A Beginner’s Guide to Cryptocurrency
Bitcoin was the first cryptocurrency to gain mainstream popularity during the global financial crisis of 2007-09, but by January 2021 there were more than 4,000 different crypto coins on the market. By April 2022, the market capitalization of cryptocurrencies sat around $2.1 trillion.
With the popularity rising and with celebrities like Elon Musk and Gwyneth Paltrow endorsing crypto, it is important for potential investors to fully understand how this new asset class works.
What is Cryptocurrency?
Cryptocurrency, often referred to as just “crypto,” is a decentralized, digital currency that is based on cryptography – hence, the name. These digital assets are able to circulate without the need for a bank.
How do Cryptocurrencies Work?
Cryptocurrencies have blown up in popularity in recent years and in 2022 there are thousands of different coins. Many are built to provide a new feature or function on a given blockchain platform. Crypto is secured by a peer-to-peer network that does not rely on a centralized monetary authority.
What is Blockchain Technology?
Most cryptocurrency is supported by blockchain technology, a form of cryptography. Blockchain maintains a secure record of transactions and ownership. The development of blockchain was instrumental to the creation of cryptocurrency as previous digital assets had no mechanism to prevent users from making copies of holdings. The transparency and permanence aid in ensuring the cryptocurrency isn’t duplicated, spent twice, or otherwise manipulated.
Different cryptocurrencies may have their own unique blockchain. For example, Bitcoin, Binance, and Ethereum all have different blockchains.
An individual unit of crypto is often referred to as coins or tokens. Cryptocurrencies can have different goals or intentions for use. Some coins are intended to be units of exchange for goods and services while others are intended to be stores of value. Some crypto is even used to participate in online games or purchase online financial products.
What is Cryptocurrency Mining?
A common way crypto is created is through a process called crypto mining. Mining is an energy-intensive process where computers perform complex calculations to authenticate transactions on a blockchain network.
Other cryptocurrencies use a variety of other methods to create and distribute tokens – often having a significantly lesser environmental impact.
What are Crypto Exchanges?
While there is an emerging market for crypto-based securities such as Bitcoin ETFs, the most common way to trade crypto is on a crypto-specific exchange. Most traditional exchanges do not support the buying and selling of crypto coins on their platforms. Crypto exchanges can be centralized, decentralized, or a hybrid of the two.
Centralized Cryptocurrency Exchanges
A centralized cryptocurrency exchange is a platform for buying and selling crypto assets with the help of a third party to conduct transactions. Centralized exchanges most often use a traditional currency (i.e. USD) to execute trades. These companies, like Crypto.com, Coinbase, and Gemini, streamline the process of investing in crypto.
Centralized exchanges are generally considered the safest and easier option for investors interested in crypto. This is because the company holds the crypto for investors and can theoretically help with any data issues. Many centralized exchanges also offer insurance or guarantees for investors.

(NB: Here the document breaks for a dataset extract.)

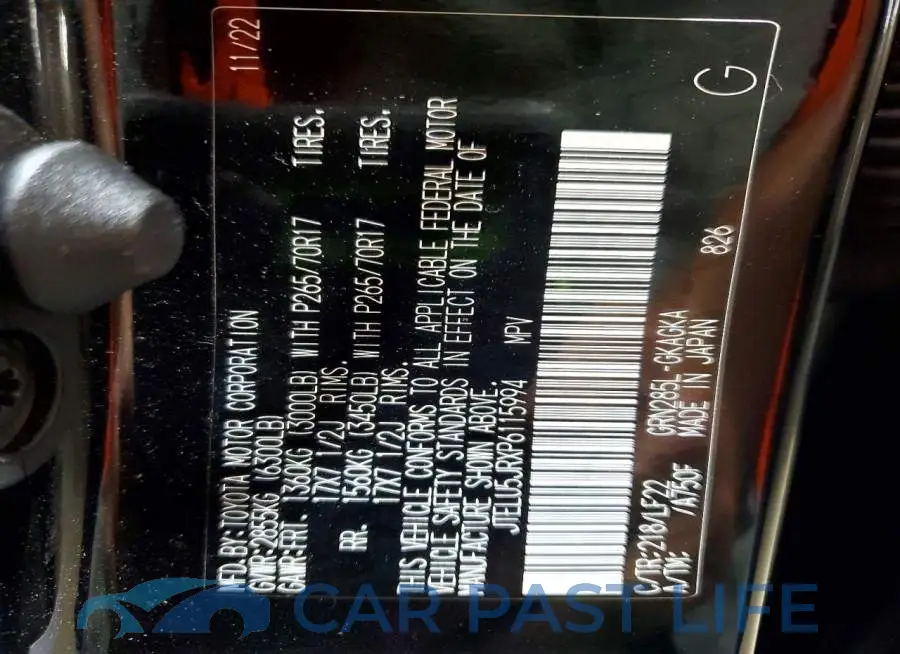 JTELU5JRXP6115994# 13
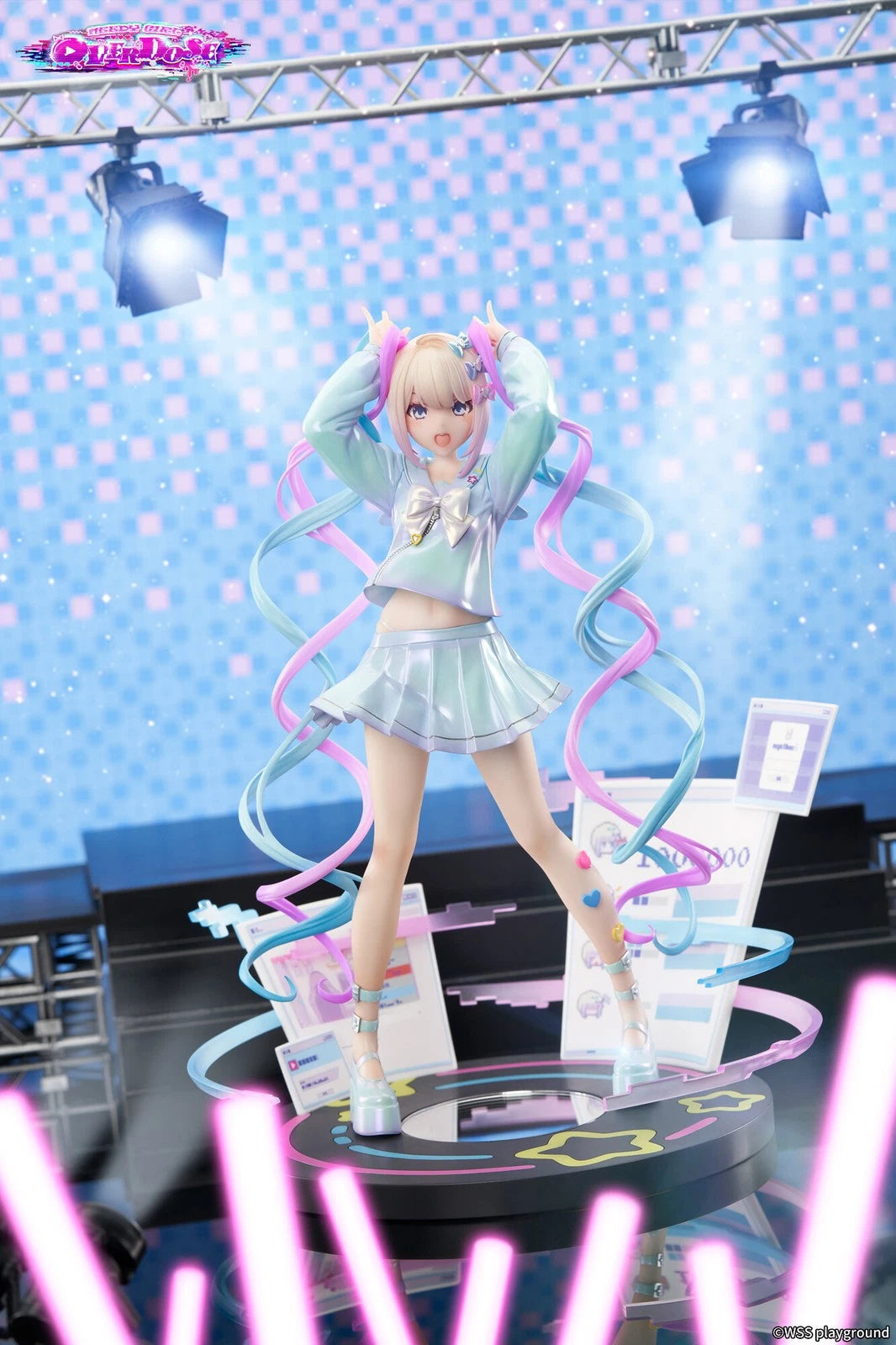 APEX Needy Girl - Overdose Chouzetsu & Saikawa Tenshi 1/7 PVC Figure Toy Model APEX - KOEEK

Decentralized Cryptocurrency Exchanges
A decentralized exchange cuts out the middleman used in centralized exchanges and allows investors to trade directly with each other. Investors looking to trade on a decentralized exchange can create a crypto wallet that they control, then connect the wallet to an exchange.
Using decentralized exchanges means that the investor is the only one with access to the crypto assets. However, there are fewer protections in place and more room for personal error such as forgetting a password. Popular decentralized exchanges include Curve, Sushiswap, and Uniswap.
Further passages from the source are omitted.